**TASK INSTRUCTIONS:** Output the full listing below exactly, without the pictures.

**INFORMATION SUPPLIED:**
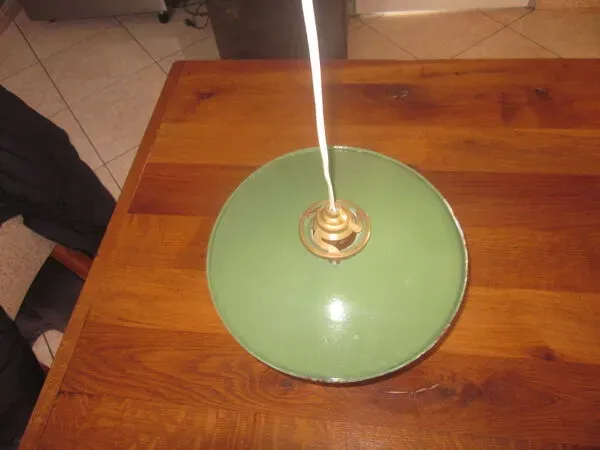 Illustration numéro 3 du produit Suspension ancienne en tole emaillée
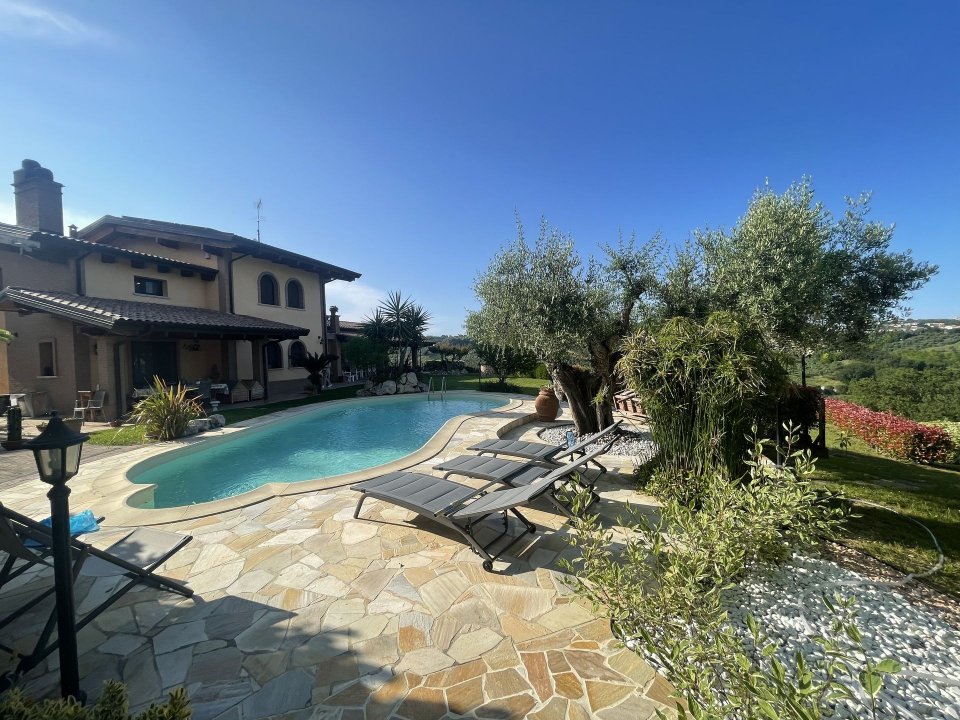 A vendre villa in zone tranquille Spoltore Abruzzo foto 1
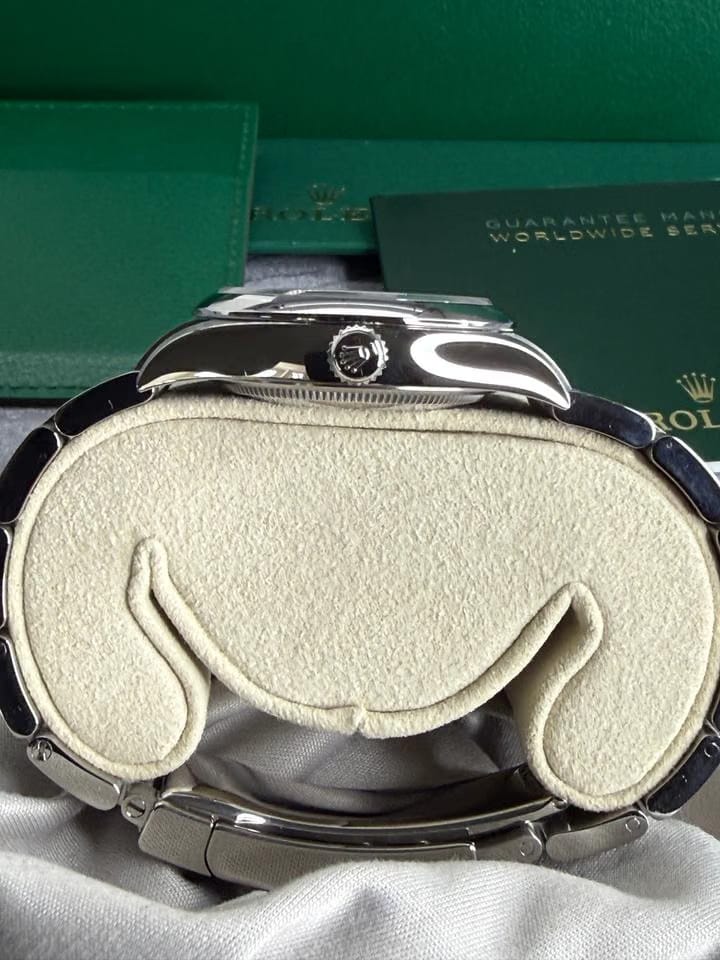 Rolex | Oyster Perpetual | 124200 | Steel | 34 mm | Steel | Brown | Automatic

**EXERCISE RESPONSE:**
 Illustration numéro 3 du produit Suspension ancienne en tole emaillée
 A vendre villa in zone tranquille Spoltore Abruzzo foto 1
 Rolex | Oyster Perpetual | 124200 | Steel | 34 mm | Steel | Brown | Automatic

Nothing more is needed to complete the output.